Start of Data for review

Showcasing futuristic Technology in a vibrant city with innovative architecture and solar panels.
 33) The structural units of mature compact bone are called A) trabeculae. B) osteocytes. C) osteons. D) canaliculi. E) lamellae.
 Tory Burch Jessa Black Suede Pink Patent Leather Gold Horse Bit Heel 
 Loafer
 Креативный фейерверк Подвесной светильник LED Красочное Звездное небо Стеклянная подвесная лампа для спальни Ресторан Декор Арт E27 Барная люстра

End of Data for review

- Task requirements: Transcribe all of the material above with complete accuracy.

- Reply to the exercise:
Showcasing futuristic Technology in a vibrant city with innovative architecture and solar panels.
 33) The structural units of mature compact bone are called A) trabeculae. B) osteocytes. C) osteons. D) canaliculi. E) lamellae.
 Tory Burch Jessa Black Suede Pink Patent Leather Gold Horse Bit Heel 
 Loafer
 Креативный фейерверк Подвесной светильник LED Красочное Звездное небо Стеклянная подвесная лампа для спальни Ресторан Декор Арт E27 Барная люстра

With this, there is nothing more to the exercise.